*Data supplied*
BEGIN

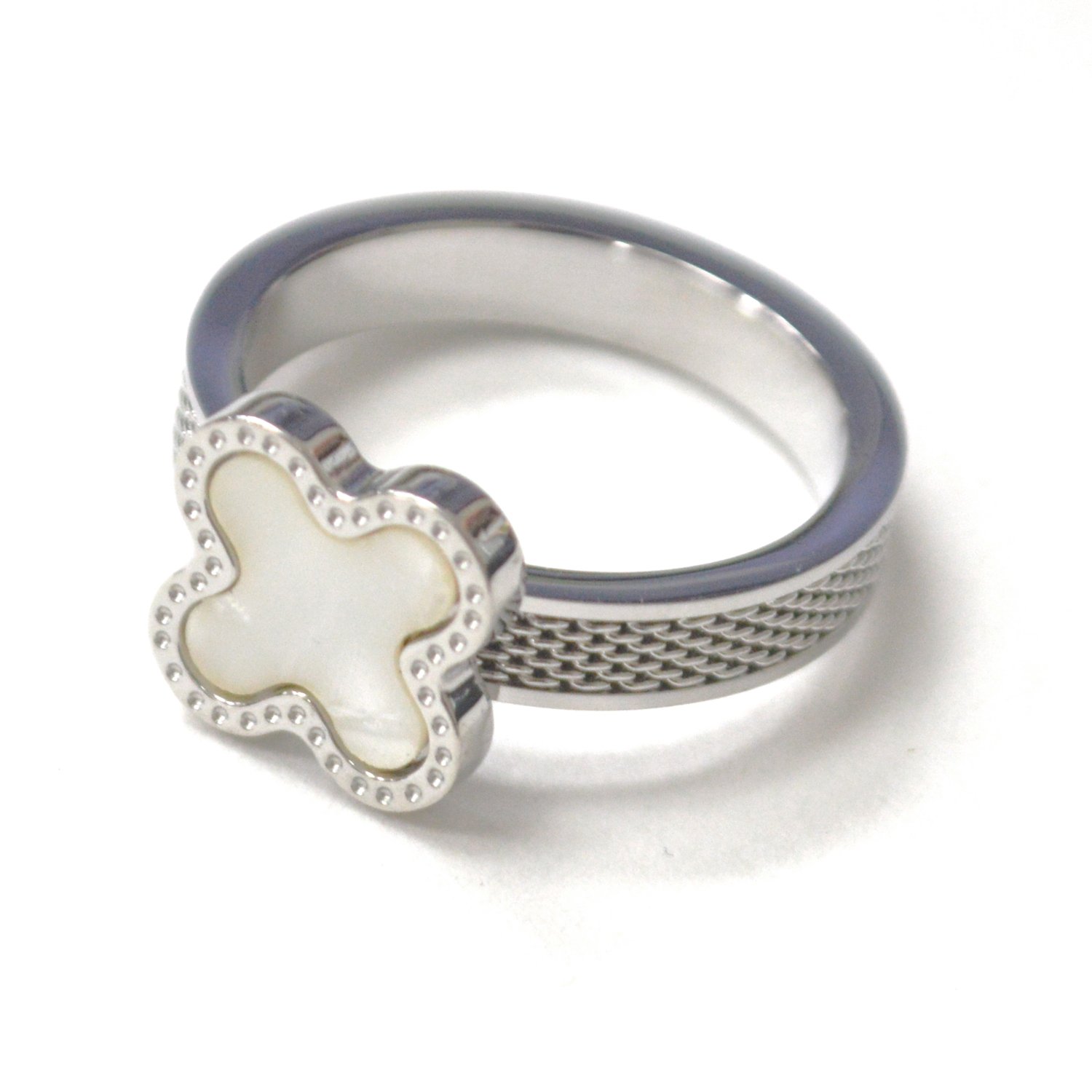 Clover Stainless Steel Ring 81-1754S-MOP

END
BEGIN

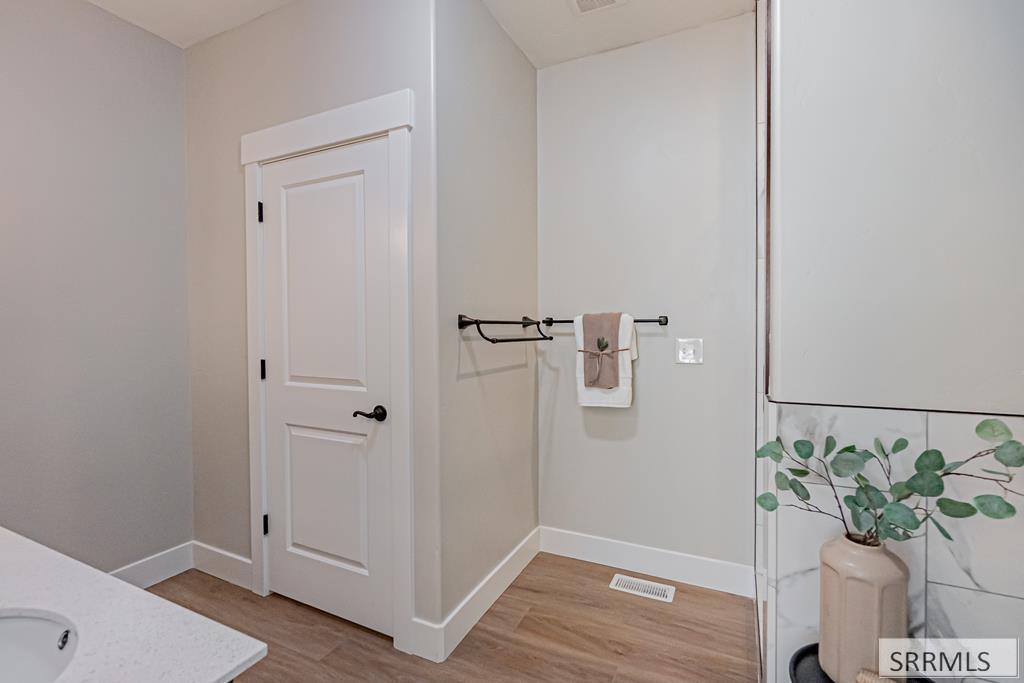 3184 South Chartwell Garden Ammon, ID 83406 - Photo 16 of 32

END
BEGIN

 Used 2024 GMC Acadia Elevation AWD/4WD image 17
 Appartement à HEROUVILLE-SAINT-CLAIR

END

*What is being asked*
From the entries above, return exactly the line containing "Used 2024 GMC", the line containing "Appartement à HEROUVILLE-SAINT-CLAIR", and all lines between, and nothing else.

*Problem solution*
 Used 2024 GMC Acadia Elevation AWD/4WD image 17
 Appartement à HEROUVILLE-SAINT-CLAIR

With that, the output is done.